Gerade in Leipzig und Dresden zeigten sich hohe kulturelle Substanzen.
Zwei der fünf Preisträger, die Geigerin Sophia Jaffé
und der Cellist Nicolas Altstaedt, kommen aus Berlin, während
der Cellist Maximilian Hornung als Bayer vorgestellt wurde. Auch
unter den 24 Stipendiaten war Berlin eindrucksvoll vertreten, gleichrangig
gefolgt von Baden-Württemberg, Nordrhein-Westfalen, Niedersachsen
und Sachsen.
Dass in diesem Jahr drei der fünf Preisträger Streicher
sind, spricht für ein besonders hohes Niveau in diesem Bereich.

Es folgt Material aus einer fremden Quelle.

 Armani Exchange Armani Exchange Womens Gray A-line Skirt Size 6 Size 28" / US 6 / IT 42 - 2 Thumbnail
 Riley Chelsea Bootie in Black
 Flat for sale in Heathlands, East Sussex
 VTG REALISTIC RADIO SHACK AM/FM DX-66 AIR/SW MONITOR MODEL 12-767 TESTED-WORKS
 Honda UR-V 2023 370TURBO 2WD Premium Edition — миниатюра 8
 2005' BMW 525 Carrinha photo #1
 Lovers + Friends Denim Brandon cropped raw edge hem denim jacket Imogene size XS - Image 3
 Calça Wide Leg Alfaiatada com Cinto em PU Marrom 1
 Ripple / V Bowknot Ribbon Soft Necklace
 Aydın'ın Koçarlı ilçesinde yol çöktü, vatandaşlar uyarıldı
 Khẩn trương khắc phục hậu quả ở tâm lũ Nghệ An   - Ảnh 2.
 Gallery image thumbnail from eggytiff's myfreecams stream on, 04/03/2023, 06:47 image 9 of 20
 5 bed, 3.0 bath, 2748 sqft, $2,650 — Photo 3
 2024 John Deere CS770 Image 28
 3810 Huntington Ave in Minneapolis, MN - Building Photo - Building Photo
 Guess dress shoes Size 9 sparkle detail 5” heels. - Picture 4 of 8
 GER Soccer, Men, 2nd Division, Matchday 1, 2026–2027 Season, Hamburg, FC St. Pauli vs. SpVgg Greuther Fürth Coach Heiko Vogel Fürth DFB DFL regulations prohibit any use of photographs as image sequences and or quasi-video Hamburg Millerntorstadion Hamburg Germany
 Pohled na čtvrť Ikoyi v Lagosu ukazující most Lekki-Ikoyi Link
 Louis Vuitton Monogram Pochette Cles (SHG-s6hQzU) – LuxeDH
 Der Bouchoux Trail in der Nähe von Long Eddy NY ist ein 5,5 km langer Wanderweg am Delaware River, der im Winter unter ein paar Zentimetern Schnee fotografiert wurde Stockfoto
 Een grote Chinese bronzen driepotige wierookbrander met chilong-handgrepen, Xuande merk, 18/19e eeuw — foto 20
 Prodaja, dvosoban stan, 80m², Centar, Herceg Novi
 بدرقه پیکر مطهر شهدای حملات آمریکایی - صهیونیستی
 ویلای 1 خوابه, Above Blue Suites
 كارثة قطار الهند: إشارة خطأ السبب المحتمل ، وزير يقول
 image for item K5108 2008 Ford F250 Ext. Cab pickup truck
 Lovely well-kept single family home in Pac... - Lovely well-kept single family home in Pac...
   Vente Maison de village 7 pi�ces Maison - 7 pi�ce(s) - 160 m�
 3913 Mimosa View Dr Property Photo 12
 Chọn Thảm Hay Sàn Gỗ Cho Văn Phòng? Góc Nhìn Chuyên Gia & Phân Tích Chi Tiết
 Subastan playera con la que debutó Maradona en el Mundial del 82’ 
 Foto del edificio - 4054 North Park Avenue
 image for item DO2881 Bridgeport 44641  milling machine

Dies zeigte sich schon beim Kammerkonzert der Stipendiaten, wo Sonja
Starke einen Satz aus der G-Dur-Violinsonate von Brahms mit warmer
Natürlichkeit und Dramatik spielte und Julian Arp der Cellosonate
von Debussy feinste dynamische Nuancen abgewann. Eine herausragende
Leistung bot die Harfenistin Ronith Mues, die schon vierjährig
auf ihrem Instrument begann und bei einer Fantasie von Louis Spohr
große dynamische Bögen und wunderbare Echowirkungen gestaltete.
Als eigenständige Persönlichkeit erwies sich der aus Schweinfurt
stammende Andreas Mildner; bei einem Divertissement von André
Caplet zeigte er mit subtilen Klangfarben und blitzsauberen Passagen,
dass die Harfe keineswegs nur eine Frauen-Domäne ist.
Unterschiedliche Darstellungsformen waren beim Klavier zu erleben.
Während Gerhard Vielhaber den ersten Satz aus Schumanns C-Dur-Fantasie
aus innerem Erleben gestaltete, näherte sich Hinrich Alpers
der zehnten Skrjabin-Sonate gleichsam von außen, auf analytische
Gliederung und Plastizität jedes Details bedacht. Drei Bläser
erhielten Stipendien: die Oboistin Sandra Schumacher, die die Melodiebögen
der drei Schumann-Romanzen mit makelloser Atemtechnik gestaltete,
Stefan Albers, der bei B.A. Zimmermann zwischen großen und
kleinen Flöten wechselte, und der Posaunist Michael Zühl.
Nicht weniger als 39 Sängerinnen und Sänger hatten sich
gemeldet, von denen niemand einen Preis, aber drei ein Stipendium
erhielten. Im Vergleich zu den Streichern fiel die Ausbeute damit
eher bescheiden aus. Wie Wolfgang Gönnenwein bestätigte,
gibt es Probleme mit dem Sängernachwuchs, wofür er dem
schulischen Musikunterricht eine Mitverantwortung gab. Der Auftritt
der aus Moldavien stammenden koloraturbegabten Anna Palimina beim
Kammerkonzert der Stipendiaten war somit auch ein Beleg für
die ungebrochene Potenz der russischen Schule. Ebenfalls aus Russland
stammt die heute in Köln lebende Eleonora Reznik, die im Fach
Klavierbegleitung einen Hauptpreis erhielt.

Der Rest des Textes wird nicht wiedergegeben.